Banbury called on international donors to increase aid and urged North Korea to allow aid agencies to check that food is reaching the needy.

Food diversion

South Korean officials said in February that some of Seoul’s rice aid intended for hungry civilians had been diverted to frontline army units.

The communist state suffered a period of famine in the late 1990s, which killed hundreds of thousands of people. It has relied on international aid since, but in 2006 ordered the WFP to drastically cut back its operations.

The UN agency said severe floods last summer had brought increased urgency to the longstanding problem of chronic food shortages.

It said prices of staples in the capital Pyongyang had doubled over the past year, with one kilogram of rice now costing a third of an average worker’s monthly salary.

Shortfall

The UN’s Food and Agricultural Organisation forecasts a 2008 food shortfall of 1.66 million tonnes, a near doubling of the 2007 deficit and the highest since 2001.
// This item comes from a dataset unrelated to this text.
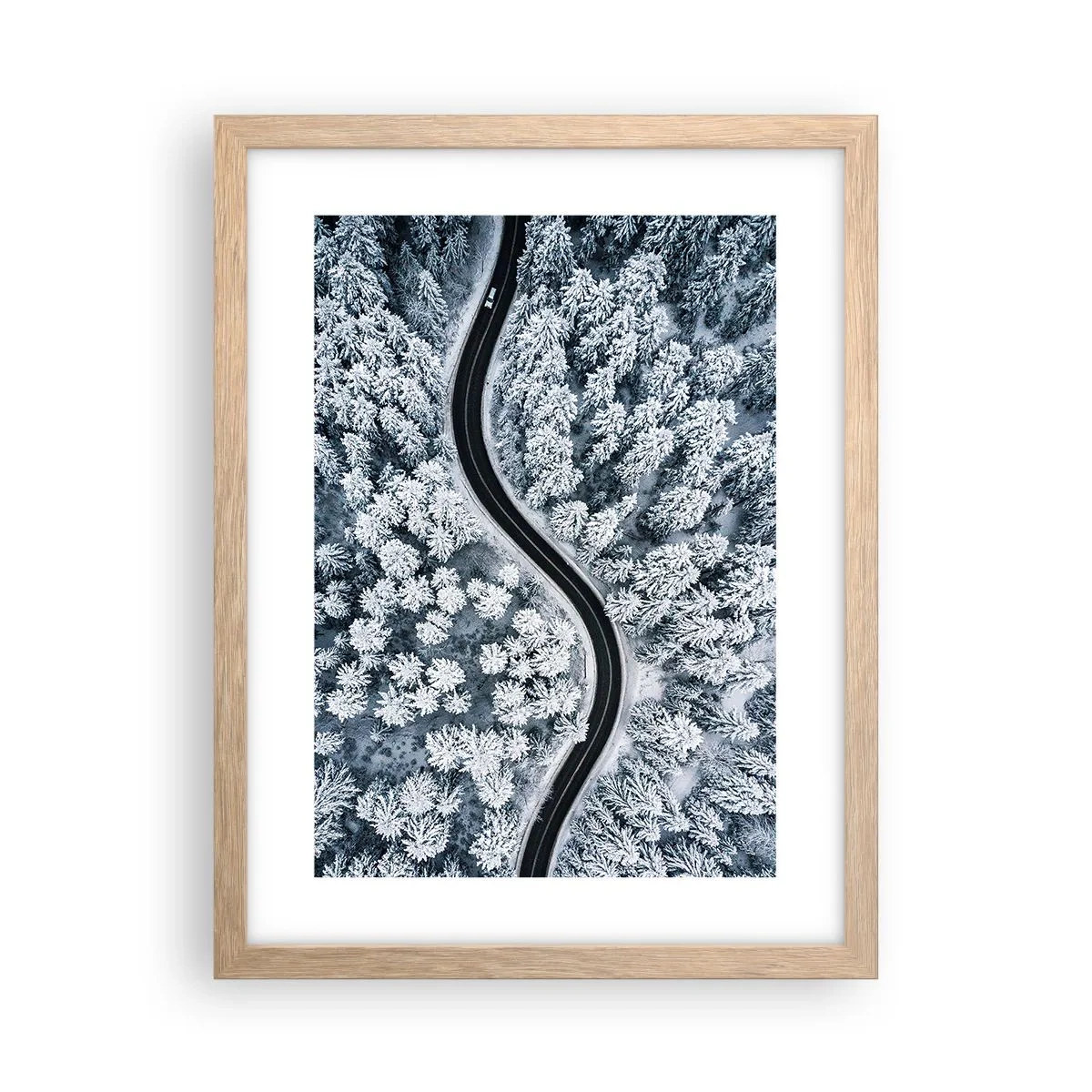 Poster în ramă de stejar deschis - Prin pădurea de iarnă - 30x40 cm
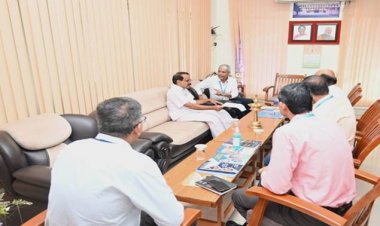 Union Minister of State for Fisheries Animal Husbandry and Dairying George Kurian visits CIFNET and reviewed various activities at Kochi today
Paul Risley, WFP Asia spokesman, said North Korea had told the WFP in 2006 to cut back its programme following two good harvests in succession.

North Korea’s government “knows full well the dangers of food insecurity”,e said.

South Korea is the largest donor to the current WFP programme in North Korea, supplying $20 million. In recent years it has also provided around 400,000 tonnes of rice annually in bilateral aid.